Listed records:
══════════
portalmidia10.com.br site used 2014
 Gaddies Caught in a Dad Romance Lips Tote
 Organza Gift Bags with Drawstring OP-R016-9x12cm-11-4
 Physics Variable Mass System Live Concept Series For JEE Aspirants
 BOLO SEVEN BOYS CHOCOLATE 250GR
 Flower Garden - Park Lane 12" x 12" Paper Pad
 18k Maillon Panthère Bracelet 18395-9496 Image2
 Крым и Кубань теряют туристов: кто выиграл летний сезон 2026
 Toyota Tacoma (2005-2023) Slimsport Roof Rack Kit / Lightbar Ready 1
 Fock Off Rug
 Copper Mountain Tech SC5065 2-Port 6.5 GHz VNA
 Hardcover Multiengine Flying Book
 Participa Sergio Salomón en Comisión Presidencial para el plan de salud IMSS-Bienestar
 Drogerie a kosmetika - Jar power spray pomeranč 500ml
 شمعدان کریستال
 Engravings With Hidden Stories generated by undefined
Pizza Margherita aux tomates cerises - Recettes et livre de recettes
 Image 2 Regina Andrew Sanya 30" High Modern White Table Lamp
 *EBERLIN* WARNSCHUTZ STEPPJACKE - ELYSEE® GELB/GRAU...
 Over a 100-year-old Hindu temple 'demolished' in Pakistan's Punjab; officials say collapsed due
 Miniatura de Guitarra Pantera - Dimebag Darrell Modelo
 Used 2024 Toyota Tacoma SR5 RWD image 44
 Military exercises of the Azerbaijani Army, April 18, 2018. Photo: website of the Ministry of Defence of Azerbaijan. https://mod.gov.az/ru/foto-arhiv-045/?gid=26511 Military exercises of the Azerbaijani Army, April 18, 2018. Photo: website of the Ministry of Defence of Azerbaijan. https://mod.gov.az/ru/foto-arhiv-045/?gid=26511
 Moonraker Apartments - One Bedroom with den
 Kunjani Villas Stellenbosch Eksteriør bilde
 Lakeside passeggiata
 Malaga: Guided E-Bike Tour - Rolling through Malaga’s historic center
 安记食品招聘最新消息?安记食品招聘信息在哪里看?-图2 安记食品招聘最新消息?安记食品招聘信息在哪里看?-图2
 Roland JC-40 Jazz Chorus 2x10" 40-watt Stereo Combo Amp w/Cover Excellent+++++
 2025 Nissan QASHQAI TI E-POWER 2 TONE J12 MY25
══════════
What the task requires:
Would you print, exactly as written, every line above from the one holding "Крым и Кубань" through the one holding "Used 2024 Toyota Tacoma SR5 RWD image 44", with both included and no other lines?

Your solution:
 Крым и Кубань теряют туристов: кто выиграл летний сезон 2026
 Toyota Tacoma (2005-2023) Slimsport Roof Rack Kit / Lightbar Ready 1
 Fock Off Rug
 Copper Mountain Tech SC5065 2-Port 6.5 GHz VNA
 Hardcover Multiengine Flying Book
 Participa Sergio Salomón en Comisión Presidencial para el plan de salud IMSS-Bienestar
 Drogerie a kosmetika - Jar power spray pomeranč 500ml
 شمعدان کریستال
 Engravings With Hidden Stories generated by undefined
Pizza Margherita aux tomates cerises - Recettes et livre de recettes
 Image 2 Regina Andrew Sanya 30" High Modern White Table Lamp
 *EBERLIN* WARNSCHUTZ STEPPJACKE - ELYSEE® GELB/GRAU...
 Over a 100-year-old Hindu temple 'demolished' in Pakistan's Punjab; officials say collapsed due
 Miniatura de Guitarra Pantera - Dimebag Darrell Modelo
 Used 2024 Toyota Tacoma SR5 RWD image 44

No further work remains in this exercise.